February 10, 2026 | 12:52 GMT +7
February 10, 2026 | 12:52 GMT +7
Hotline: 0913.378.918
Volunteers collect trash along a polluted shore as they take part in a coastal cleanup on September 13, 2025 in Navotas, Metro Manila, Philippines. Photo: Ezra Acayan/Getty Images.
Scientists have factored damage to the ocean into the social cost of carbon for the first time, finding it nearly doubles the economic impact from climate change.
Ocean damage from climate change, dubbed the "blue" social cost of carbon, causes the global cost of carbon dioxide emissions to society to nearly double, according to new findings by researchers at the Scripps Institution of Oceanography at the University of California San Diego.
The researchers calculated an additional $46.2 per ton of carbon dioxide, amounting to a total of $97.2 per ton of carbon dioxide, a 91% increase, according to the study, published Thursday in Nature Climate Change. Global carbon dioxide emissions were estimated to be 41.6 billion tons in 2024, according to the Global Carbon Budget, implying nearly $2 trillion in ocean-related damages in one year that are currently missing from standard climate cost estimates.

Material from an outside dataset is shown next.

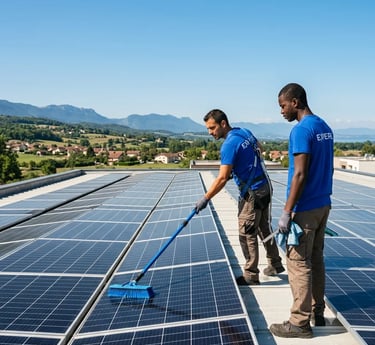 Nettoyage vitres et panneaux solaires à Thoiry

The ocean has never been accounted into the economic harm caused by greenhouse gas emissions before, the researchers said. The ocean was largely overlooked in the standard accounting of the social cost of carbon, despite widespread degradation to coral reef ecosystems, losses from fisheries and damage to coastal infrastructure – all of which are "well documented" and have impacted millions of people globally.
In addition, the distribution of impacts is "highly unequal" across the globe, according to the paper. Islands and small economies will be disproportionately affected, given the regions' dependence on seafood and nutrition, according to the study.
Scripps researchers felt the need to put a price tag on the harm that climate change causes to the ocean in order to properly inform key decision-makers with a cost-benefit analysis, said environmental economist and assistant professor at the National Autonomous University of Mexico Bernardo Bastien-Olvera, who led the study during a postdoctoral fellowship at Scripps Oceanography.
"The ocean was the big missing piece in these models that calculate the climate impacts on humans," Bastien-Olvera told ABC News.
Human-amplified climate change damages oceans by warming temperatures and altering its chemistry, according to the Scripps researchers. The changes then alter the distribution of species and damages ecosystems such as reefs, mangroves, seagrass beds and kelp forests.
Coastal infrastructure, such as shipping ports, can also be damaged by increased flooding and stronger storms.
The social cost of carbon is an economic metric used in climate policy to estimate the damages that a ton of carbon dioxide causes to humans today, Bastien-Olvera said.
The researchers estimated the social cost of carbon by using integrated assessment models to run different future scenarios of how people and the economy might behave during the next century, also incorporating the potential climate impacts on systems such as coral reefs, mangroves, fisheries and seaports, Bastien-Olvera said.
The accounting was further developed by looking at straightforward market-use values, such as decreased fisheries revenue or diminished trade, as well as non-market values such as health impacts of reduced nutrition availability from impacted fisheries and recreational opportunities at the ocean, according to Scripps.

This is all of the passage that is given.